Depending on the setup you have. If you are willing to do alot of water changes and keep a close eye on the fish I would say it's safe to say as many as 4 But really a 75 Gallon or larger would be better for the Red Bellies. A Rhom wiill be fine in a 75 Gallon tank for years, however if you can keep him alive long enough there will come a time when it will make sense to you to put him in a 125G or larger tank. I would suggest something maybe a bit wider that a 125 Gallon. The usual 18in isn't all that wide. Good luck with whatever you choose.


----------



## JesseD (Mar 26, 2003)

3 reds in the 55g

5 reds in the 75g

how big is the rhom that you are talking about??

if you got a small rhom (3" or so) then u could keep it in the 55g tank for quite some time since they grow rather slow....probably until the rhom reached a size of 8-9 inches in total length. I wouldnt keep him in there past him reaching that length just because he would be kind of cramped.
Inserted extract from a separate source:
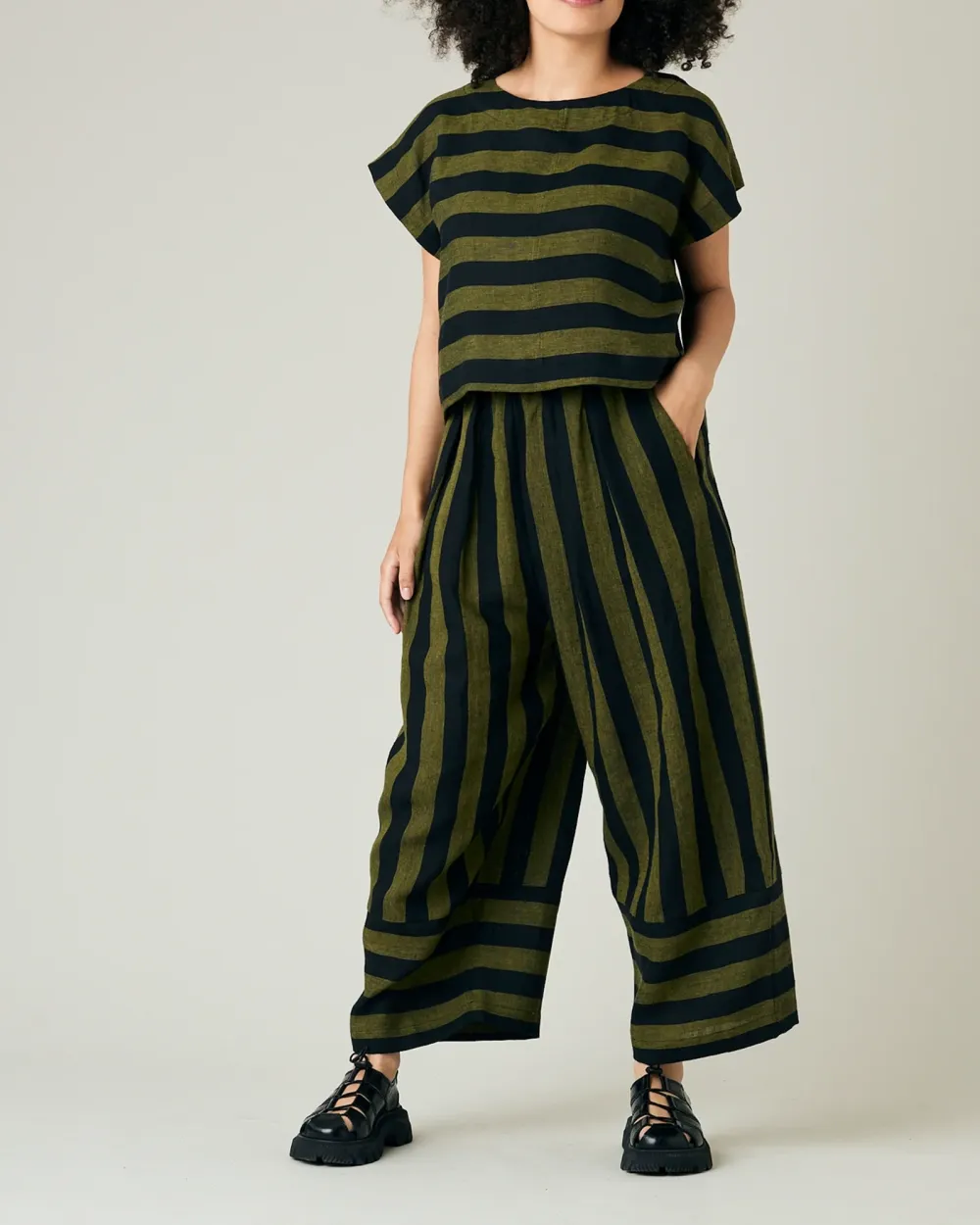 BLACK & OLIVE STRIPE LINEN TOP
also, if u went with the '3 reds in 55g' then u would be able to keep them in that tank for life...you would have to upgrade to a larger tank at some point.

goodluck


----------



## Fish_first (Jan 26, 2005)

IMO any more than 2 is asking for trouble... full grown RBP's get 12 inches... and they can co-habitate for years without problems and then suddenly turn on one another...


----------



## Mack (Oct 31, 2004)

First thing, 2 RBPs is asking for trouble moreso than 3 or more is.
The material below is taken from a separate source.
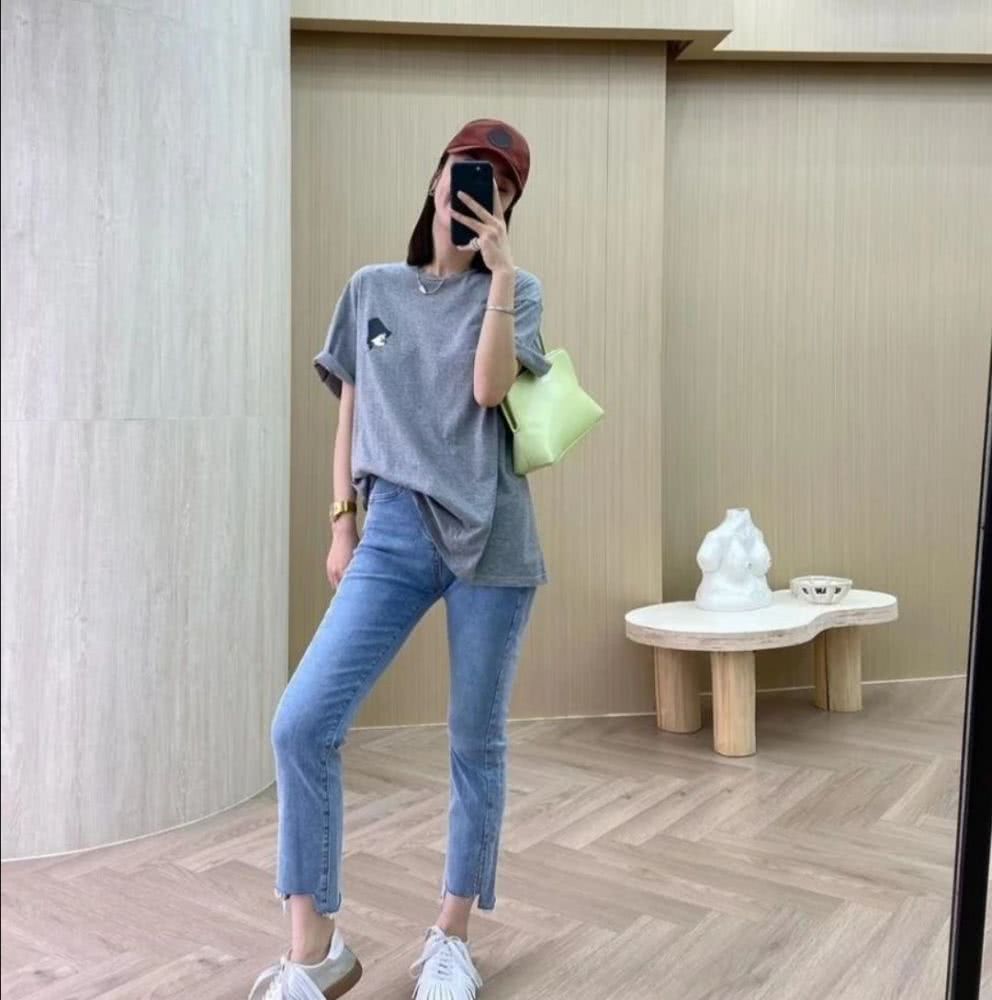 微胖黑色t恤怎么穿才好看,肥t恤女怎么搭配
Secondly, RBs hardly EVER reach a foot in a home aquarium. Usually they reach 8 - 10" max. They only get up to a foot in huge 1000+ gallon zoo aquariums, and the rivers.
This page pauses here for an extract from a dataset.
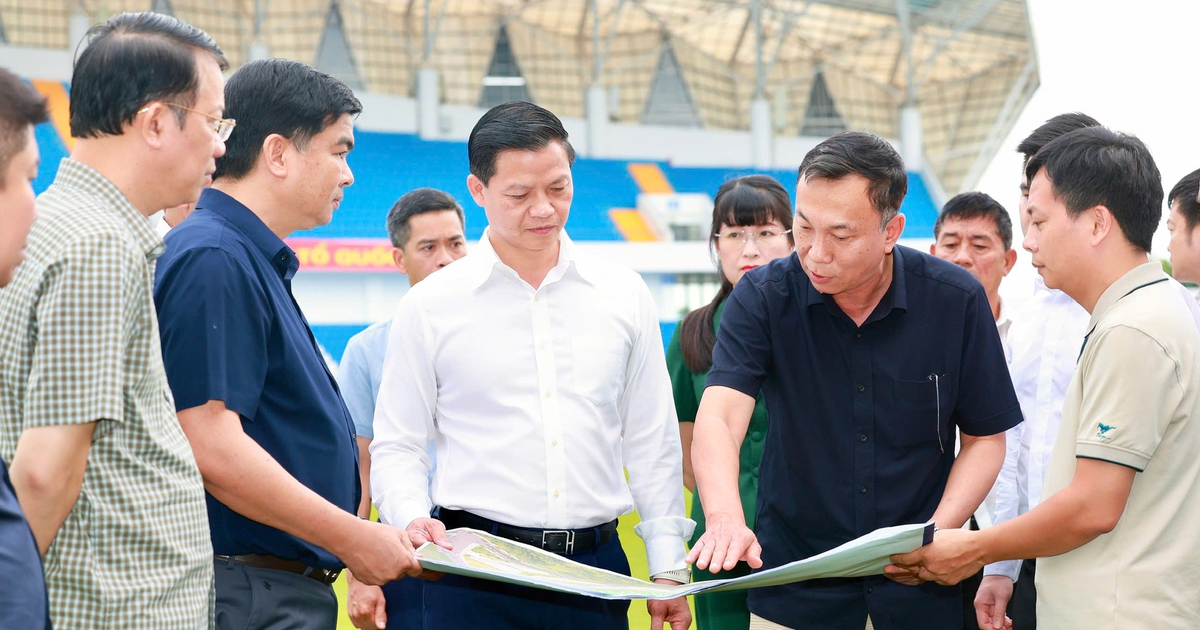 Chủ tịch VFF và Chủ tịch tỉnh Thái Nguyên đồng chủ trì cuộc họp quan trọng về thành lập CLB chuyên nghiệp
You just seem to be misinformed.


----------



## Fish_first (Jan 26, 2005)

The point wasn't how big they get... it was how risky it is to have more than two in a 75 gallon... but thankyou oh wise one


----------



## piranhaman95 (Jan 26, 2005)

let me get this right 3 reds in 55 and rhom in 75 right for life?


----------



## Little Waffen (Mar 13, 2004)

Fish_first said:


> The point wasn't how big they get... it was how risky it is to have more than two in a 75 gallon... but thankyou oh wise one
> 
> 
> 
> ...


----------



## redbellyman21 (Jun 27, 2004)

Id have to agree with mack! 3 ps are better than 2 but for life? Nothing lasts for life, why should a tank. Always be ready to upgrade or stay out of the hobby. If u had a corvette as your daily driver, and u got married and had a kid or more wouldnt u upgrade cars? (I wouldnt trade a corvette though) But u would need a 4 seater+ right? So think of it that way! good luck


----------



## Esoteric (Jul 7, 2004)

if red belly... maybe 4 in the 75. (Caribe / Ternetzi = 3 for life) IMO
Only one I would say can live in the 55 for life.

I have 3 caribe in my 75.

Best of luck


----------



## cmsCheerFish (Dec 17, 2004)

i have 6 reds in my 55, but only till march.. i would go with 3 or 4


----------



## mori0174 (Mar 31, 2004)

If you literally mean the life of the fish, none can live in the 55. 3-4 can go in the 75. If you are talking the literal life of a rhom, then a 75 wont be big enough. It will, however, last a very long time before it would be necessary to upgrade.

Now, advice you didnt ask for. You could put three reds in a 55 gal and they will be fine in there for quite a while. You could buy a rhom at almost any size, under 12" lets say, and you could keep it in the 75 for quite a long while. This advice is probably more realistic for you to follow unless you plan on keeping your piranhas for years and years, and want to be set up for life from the get go.


----------



## PYROPYGO1 (Nov 23, 2004)

i going with a 25 gal per fish rule, but that's just me. check the sig.


----------